Trading: Portfolio Review 02-07-06 (And a simple technique using PE ratios)
July 2, 2006Tonight I am in Hong Kong because next week I start a new day job which will involve some travel between Hong Kong and Singapore. So to keep up with my trades and blogs, I decided to invest in a new laptop (Acer Travelmate 2420 for SD$1098!). Unfortunately, this seems to be missing Adobe Pro so I am unable to upload my spreadsheet this week (if anyone knows how to save a worksheet in png format using Excel only or some freeware please feel free to share it with me). Hopefully by about next week I’ll have a copy so you can see all my trades in more detail. In short, my portfolio is up by .029% as opposed to the -1.18% performance of the KLSE since the inception of my portfolio and I am very slightly overweight in cash and looking to take more profits so tomorrow I’ll be getting rid of my TSH shares.
Simple PE Ratio Technique
In my opinion we are going to hit some difficult times ahead so I am getting sensitive to companies which are posting declining quarterlies. By taking the earnings from the most recent 4 quarters it is possible to calculate a PE ratio with its stock price today. Then, compare this PE ratio with one calculated using last years audited earnings results, and you should have a good general idea of the company’s stock price behaviour in relation to its earnings. So in the case of TSH, although it has posted year-on-year growth consistently and showed increasing turnover year-to-date, its very low 4th qrtr results has dragged down its yearly earnings and brought its PE ratio from 6 (based on audited earnings) to 16(based on most recent quarter results)!

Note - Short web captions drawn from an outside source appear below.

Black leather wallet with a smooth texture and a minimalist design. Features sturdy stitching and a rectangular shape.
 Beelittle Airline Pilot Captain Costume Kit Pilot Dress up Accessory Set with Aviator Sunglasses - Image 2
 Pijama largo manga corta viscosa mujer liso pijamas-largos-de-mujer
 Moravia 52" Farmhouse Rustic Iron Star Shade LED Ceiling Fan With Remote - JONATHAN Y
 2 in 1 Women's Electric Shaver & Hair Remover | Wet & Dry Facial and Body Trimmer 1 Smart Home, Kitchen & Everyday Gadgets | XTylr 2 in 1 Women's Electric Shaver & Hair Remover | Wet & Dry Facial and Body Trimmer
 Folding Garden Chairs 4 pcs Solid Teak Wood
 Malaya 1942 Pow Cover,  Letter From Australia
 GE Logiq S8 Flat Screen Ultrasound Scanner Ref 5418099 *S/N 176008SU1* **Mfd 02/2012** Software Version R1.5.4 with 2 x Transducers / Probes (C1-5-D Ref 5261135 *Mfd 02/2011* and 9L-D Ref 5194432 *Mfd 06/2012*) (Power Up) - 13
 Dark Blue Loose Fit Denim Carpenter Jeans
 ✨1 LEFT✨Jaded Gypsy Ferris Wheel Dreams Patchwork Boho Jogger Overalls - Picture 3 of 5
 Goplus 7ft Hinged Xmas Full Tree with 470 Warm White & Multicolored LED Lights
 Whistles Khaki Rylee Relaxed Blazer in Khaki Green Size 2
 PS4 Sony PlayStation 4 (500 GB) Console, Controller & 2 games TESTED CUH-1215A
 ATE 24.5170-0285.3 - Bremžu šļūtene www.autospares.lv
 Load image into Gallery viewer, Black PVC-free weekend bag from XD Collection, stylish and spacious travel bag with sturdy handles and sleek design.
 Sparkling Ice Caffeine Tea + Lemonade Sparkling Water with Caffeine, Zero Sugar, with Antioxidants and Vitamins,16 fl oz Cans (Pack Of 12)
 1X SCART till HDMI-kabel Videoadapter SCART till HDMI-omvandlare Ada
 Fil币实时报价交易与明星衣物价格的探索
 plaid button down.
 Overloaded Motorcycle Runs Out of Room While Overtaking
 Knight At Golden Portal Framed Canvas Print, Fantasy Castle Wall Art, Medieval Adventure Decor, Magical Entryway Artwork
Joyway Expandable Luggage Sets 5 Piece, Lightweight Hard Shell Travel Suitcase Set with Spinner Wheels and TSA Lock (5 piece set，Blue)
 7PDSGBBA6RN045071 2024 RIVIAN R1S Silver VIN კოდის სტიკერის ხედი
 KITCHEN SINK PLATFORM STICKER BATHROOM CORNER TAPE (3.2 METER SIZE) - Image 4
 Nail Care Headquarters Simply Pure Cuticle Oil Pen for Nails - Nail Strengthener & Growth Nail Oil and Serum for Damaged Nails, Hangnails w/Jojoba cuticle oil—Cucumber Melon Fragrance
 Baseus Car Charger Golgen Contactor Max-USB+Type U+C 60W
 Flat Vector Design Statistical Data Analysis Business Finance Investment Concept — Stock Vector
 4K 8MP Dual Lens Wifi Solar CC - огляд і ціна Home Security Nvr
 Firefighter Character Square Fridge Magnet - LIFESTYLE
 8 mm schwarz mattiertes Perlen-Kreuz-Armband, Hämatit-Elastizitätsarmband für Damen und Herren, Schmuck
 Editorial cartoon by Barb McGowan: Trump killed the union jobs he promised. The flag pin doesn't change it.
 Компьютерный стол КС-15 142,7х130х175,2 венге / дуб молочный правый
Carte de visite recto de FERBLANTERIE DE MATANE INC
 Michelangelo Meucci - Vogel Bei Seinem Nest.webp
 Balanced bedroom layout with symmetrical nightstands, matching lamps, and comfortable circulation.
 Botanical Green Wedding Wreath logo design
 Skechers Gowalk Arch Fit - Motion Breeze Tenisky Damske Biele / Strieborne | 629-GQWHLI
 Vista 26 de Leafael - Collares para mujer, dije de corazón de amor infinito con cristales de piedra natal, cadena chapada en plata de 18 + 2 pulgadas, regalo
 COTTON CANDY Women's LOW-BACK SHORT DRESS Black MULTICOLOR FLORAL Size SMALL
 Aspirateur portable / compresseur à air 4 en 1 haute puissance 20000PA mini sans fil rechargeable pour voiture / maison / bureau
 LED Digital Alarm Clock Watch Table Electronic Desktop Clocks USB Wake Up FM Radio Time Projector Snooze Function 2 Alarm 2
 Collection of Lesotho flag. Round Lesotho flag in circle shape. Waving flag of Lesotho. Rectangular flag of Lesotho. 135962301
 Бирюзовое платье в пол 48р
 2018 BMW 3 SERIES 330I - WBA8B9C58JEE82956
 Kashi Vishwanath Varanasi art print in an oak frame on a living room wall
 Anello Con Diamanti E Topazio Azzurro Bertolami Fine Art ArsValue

So to me even though it seems to be well supported at these levels, it already seems expensive and I am happy to offload it in our current environment.
Tenaga
PS I am also thinking of getting rid of Tenaga, which is fundamentally a bad company buoyed by short term positive factors, but it is also one of the better performers in my portfolio (it is one of my “technically supported” trades) which has helped protect it during the recent downfall. But I am now toying with the idea of switching to cash and using my profits from that trade to maintain exposure by purchasing warrants (as suggested by investssmart here – I have to give him credit for coming up with this idea before me).
That’s all folks! See you all in the week.